● What you need to do: Copy out each line of the data that holds the string "learned".

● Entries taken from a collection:
━━━━━━━━━━━━━━━━━━━━━━━━━━━━━━

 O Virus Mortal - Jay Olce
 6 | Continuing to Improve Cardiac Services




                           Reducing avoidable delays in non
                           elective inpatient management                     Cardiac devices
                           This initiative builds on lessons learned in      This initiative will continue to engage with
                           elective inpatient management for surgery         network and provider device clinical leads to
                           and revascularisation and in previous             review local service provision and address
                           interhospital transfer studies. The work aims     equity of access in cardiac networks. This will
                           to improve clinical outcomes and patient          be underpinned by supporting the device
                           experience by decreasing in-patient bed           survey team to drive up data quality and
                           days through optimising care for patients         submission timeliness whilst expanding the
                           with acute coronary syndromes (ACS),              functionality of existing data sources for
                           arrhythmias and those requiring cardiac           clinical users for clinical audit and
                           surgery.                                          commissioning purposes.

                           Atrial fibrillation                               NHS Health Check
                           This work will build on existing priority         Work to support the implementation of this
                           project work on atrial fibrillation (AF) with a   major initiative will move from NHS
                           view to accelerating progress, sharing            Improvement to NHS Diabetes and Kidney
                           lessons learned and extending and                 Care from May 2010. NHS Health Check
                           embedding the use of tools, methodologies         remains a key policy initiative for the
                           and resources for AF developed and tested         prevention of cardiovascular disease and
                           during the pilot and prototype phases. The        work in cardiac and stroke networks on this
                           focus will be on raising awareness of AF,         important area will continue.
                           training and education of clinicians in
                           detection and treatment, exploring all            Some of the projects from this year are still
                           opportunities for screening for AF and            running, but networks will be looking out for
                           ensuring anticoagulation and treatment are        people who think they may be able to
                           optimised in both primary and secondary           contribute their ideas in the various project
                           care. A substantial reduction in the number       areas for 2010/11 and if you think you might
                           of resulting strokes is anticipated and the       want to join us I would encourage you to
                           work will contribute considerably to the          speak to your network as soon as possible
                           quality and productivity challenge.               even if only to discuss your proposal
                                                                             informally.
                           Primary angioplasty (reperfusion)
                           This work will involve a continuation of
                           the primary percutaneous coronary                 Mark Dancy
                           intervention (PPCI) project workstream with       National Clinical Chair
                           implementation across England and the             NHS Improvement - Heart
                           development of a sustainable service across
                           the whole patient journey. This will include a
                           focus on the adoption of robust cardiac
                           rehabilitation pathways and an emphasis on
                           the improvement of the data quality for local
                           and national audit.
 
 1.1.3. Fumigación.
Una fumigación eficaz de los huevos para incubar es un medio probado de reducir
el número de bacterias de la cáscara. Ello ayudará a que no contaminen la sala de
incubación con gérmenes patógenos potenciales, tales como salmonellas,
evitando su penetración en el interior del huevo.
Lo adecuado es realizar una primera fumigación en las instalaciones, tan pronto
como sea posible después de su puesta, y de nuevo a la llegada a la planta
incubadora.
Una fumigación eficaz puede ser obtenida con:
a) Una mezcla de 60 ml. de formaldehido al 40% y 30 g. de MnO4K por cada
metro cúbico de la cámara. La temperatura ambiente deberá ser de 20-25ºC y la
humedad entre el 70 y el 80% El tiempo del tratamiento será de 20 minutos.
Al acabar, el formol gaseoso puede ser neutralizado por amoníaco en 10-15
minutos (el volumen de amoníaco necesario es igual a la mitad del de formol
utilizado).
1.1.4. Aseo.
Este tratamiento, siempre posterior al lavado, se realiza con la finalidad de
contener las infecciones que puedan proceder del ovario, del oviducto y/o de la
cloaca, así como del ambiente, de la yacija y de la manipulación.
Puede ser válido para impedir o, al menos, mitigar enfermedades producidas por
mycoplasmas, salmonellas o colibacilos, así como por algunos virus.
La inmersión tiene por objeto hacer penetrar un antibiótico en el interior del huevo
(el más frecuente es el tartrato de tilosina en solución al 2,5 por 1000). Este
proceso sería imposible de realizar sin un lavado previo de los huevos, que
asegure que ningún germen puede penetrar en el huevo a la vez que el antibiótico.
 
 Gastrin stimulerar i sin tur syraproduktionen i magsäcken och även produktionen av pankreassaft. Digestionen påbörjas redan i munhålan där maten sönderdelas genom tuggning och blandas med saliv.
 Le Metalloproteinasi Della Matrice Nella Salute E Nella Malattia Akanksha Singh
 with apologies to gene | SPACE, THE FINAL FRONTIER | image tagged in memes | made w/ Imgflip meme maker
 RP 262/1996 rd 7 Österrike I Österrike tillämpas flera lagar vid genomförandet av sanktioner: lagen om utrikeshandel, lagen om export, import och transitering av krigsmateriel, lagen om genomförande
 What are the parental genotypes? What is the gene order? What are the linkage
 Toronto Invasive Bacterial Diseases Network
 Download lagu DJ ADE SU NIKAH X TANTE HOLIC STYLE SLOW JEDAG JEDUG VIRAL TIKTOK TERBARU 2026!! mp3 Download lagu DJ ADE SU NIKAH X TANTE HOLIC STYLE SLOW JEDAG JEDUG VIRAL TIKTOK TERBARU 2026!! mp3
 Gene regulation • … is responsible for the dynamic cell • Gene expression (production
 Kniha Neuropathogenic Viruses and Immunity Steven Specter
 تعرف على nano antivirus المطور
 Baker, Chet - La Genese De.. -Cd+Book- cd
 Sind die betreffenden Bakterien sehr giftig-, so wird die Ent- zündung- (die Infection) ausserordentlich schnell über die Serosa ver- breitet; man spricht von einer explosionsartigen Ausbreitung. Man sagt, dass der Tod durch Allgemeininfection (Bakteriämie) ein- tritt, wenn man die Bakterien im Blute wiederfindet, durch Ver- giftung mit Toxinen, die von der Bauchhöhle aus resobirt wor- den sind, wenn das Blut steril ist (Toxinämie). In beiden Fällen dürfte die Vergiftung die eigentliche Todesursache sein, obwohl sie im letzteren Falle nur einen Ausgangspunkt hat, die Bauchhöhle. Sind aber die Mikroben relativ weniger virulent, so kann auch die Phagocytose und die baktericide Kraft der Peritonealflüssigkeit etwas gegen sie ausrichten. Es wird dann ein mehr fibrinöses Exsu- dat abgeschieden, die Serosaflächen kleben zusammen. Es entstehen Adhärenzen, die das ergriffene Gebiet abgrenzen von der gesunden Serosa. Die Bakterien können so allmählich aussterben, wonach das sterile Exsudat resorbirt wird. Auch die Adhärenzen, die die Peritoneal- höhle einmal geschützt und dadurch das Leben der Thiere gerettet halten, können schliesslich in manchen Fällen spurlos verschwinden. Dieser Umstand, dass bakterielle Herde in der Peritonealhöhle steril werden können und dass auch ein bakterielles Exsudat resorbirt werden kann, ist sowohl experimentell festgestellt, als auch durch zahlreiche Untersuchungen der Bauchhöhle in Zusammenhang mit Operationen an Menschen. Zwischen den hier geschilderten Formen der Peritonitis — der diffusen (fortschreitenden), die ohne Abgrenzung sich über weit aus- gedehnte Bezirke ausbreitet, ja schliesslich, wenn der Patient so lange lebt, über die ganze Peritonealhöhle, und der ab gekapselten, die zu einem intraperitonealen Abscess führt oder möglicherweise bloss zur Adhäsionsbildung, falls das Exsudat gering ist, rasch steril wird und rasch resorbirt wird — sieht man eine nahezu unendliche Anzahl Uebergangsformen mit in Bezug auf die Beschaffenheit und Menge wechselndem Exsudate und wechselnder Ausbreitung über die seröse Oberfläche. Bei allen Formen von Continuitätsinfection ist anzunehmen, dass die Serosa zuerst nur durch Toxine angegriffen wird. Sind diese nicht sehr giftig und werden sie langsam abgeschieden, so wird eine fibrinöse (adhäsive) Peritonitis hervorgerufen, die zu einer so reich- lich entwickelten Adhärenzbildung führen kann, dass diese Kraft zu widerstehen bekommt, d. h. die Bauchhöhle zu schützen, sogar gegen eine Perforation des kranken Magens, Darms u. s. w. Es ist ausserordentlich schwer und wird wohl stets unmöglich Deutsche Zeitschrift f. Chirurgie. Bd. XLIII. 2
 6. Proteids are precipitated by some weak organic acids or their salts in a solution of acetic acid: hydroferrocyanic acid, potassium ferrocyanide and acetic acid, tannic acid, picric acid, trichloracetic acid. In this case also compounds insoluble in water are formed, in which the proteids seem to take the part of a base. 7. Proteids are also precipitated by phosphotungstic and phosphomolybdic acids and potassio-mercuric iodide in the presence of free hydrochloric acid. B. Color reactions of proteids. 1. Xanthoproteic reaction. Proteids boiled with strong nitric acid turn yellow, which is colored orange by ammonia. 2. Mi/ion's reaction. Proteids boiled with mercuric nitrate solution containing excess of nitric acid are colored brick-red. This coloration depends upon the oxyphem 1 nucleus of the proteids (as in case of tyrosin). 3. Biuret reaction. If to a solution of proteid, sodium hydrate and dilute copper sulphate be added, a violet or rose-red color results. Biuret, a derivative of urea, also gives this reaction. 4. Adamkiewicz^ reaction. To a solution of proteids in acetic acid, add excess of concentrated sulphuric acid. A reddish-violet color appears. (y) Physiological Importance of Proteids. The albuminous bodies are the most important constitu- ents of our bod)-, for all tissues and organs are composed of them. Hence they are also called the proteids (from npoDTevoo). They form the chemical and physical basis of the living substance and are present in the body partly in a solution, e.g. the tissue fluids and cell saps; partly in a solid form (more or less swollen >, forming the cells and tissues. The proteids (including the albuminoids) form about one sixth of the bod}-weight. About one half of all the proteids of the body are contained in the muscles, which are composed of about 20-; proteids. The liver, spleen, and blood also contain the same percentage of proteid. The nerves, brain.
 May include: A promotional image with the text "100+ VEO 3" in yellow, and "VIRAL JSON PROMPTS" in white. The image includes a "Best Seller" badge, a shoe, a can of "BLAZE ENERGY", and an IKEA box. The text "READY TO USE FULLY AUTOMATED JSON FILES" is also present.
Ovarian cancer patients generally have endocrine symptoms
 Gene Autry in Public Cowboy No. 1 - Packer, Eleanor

━━━━━━━━━━━━━━━━━━━━━━━━━━━━━━

● Answer space:
                           This initiative builds on lessons learned in      This initiative will continue to engage with
                           lessons learned and extending and                 Care from May 2010. NHS Health Check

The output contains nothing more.